• [Recorded information]:
>>>>
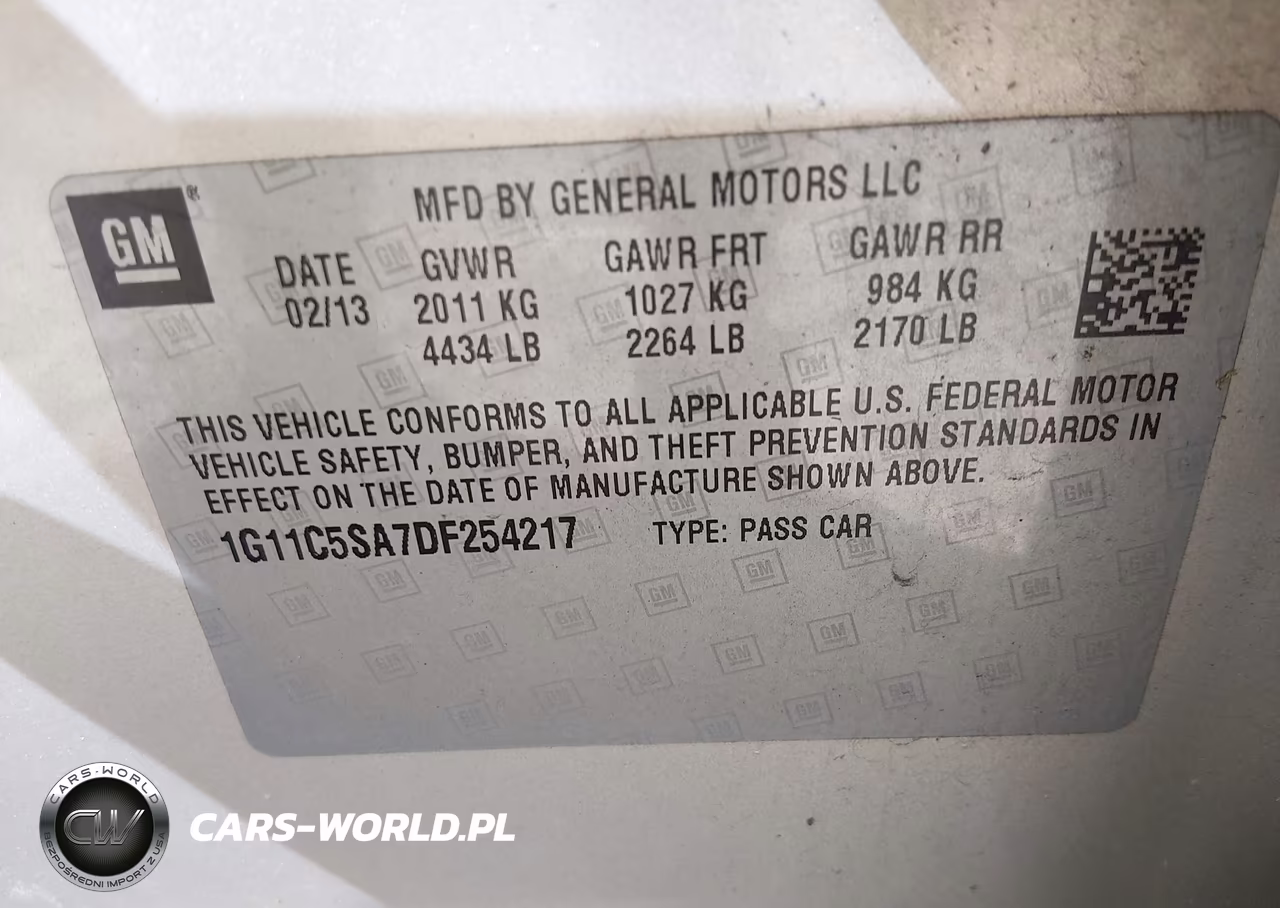 2013 Chevrolet Malibu 1Lt VIN:1G11C5SA7DF254217 - 9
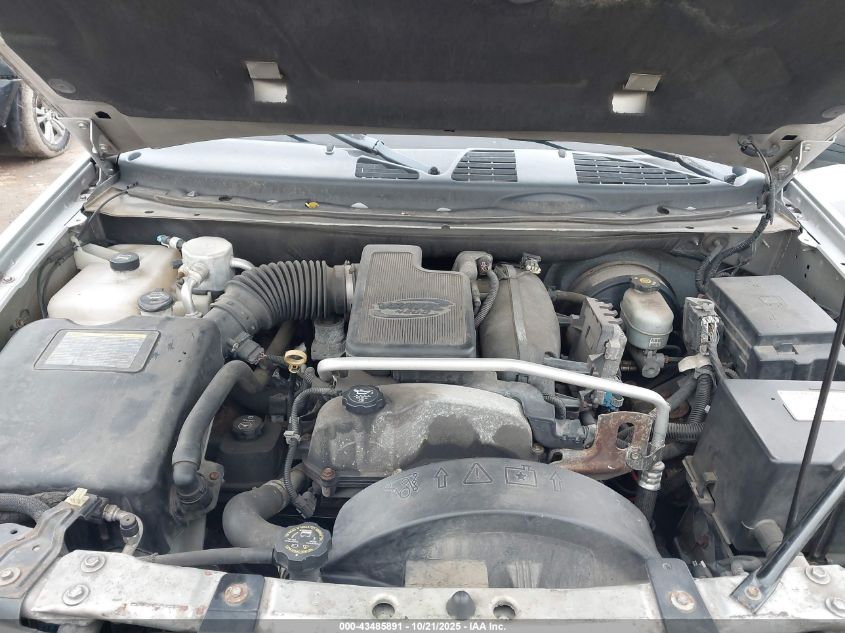 2006 GMC Envoy Sle VIN: 1GKDT13S762344082 Lot: 43485891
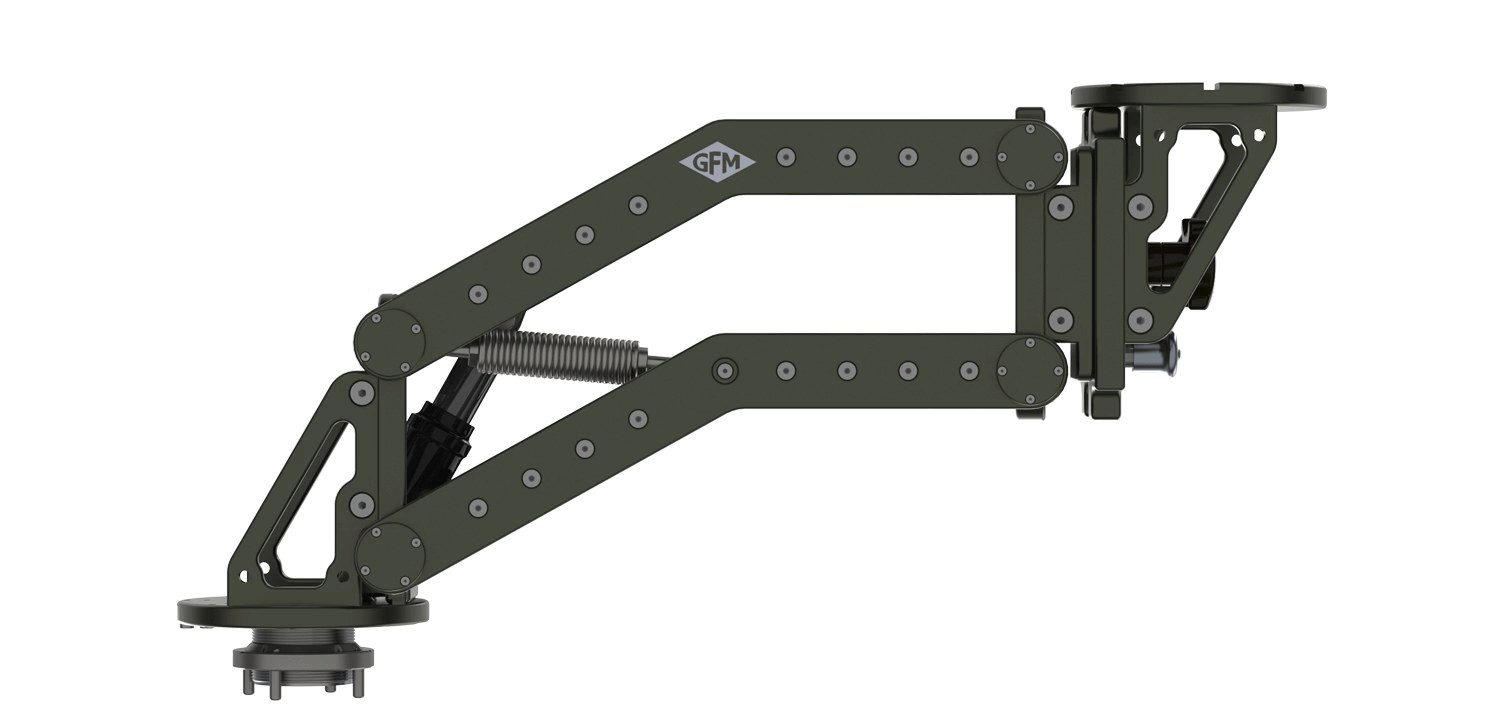 GF-Mini Shock Absorber mounted overslung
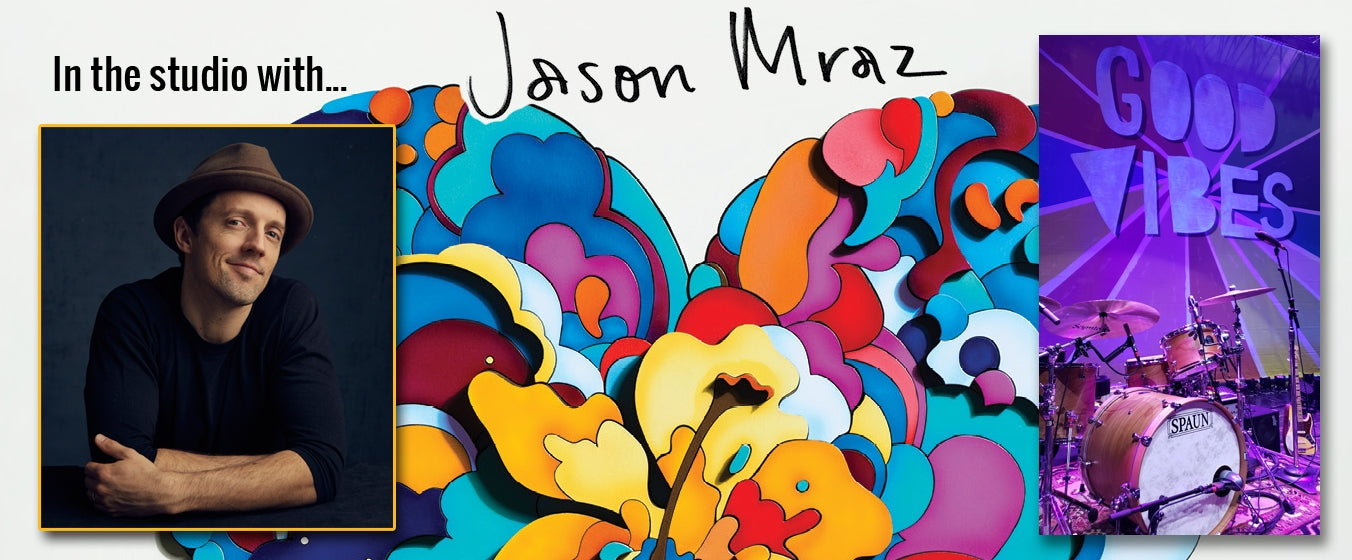 Jason Mraz_In the studio with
<<<<
• [Exercise directions]: Print the material exactly as given, but not the pictures.

• [Result]:
 2013 Chevrolet Malibu 1Lt VIN:1G11C5SA7DF254217 - 9
 2006 GMC Envoy Sle VIN: 1GKDT13S762344082 Lot: 43485891
 GF-Mini Shock Absorber mounted overslung
 Jason Mraz_In the studio with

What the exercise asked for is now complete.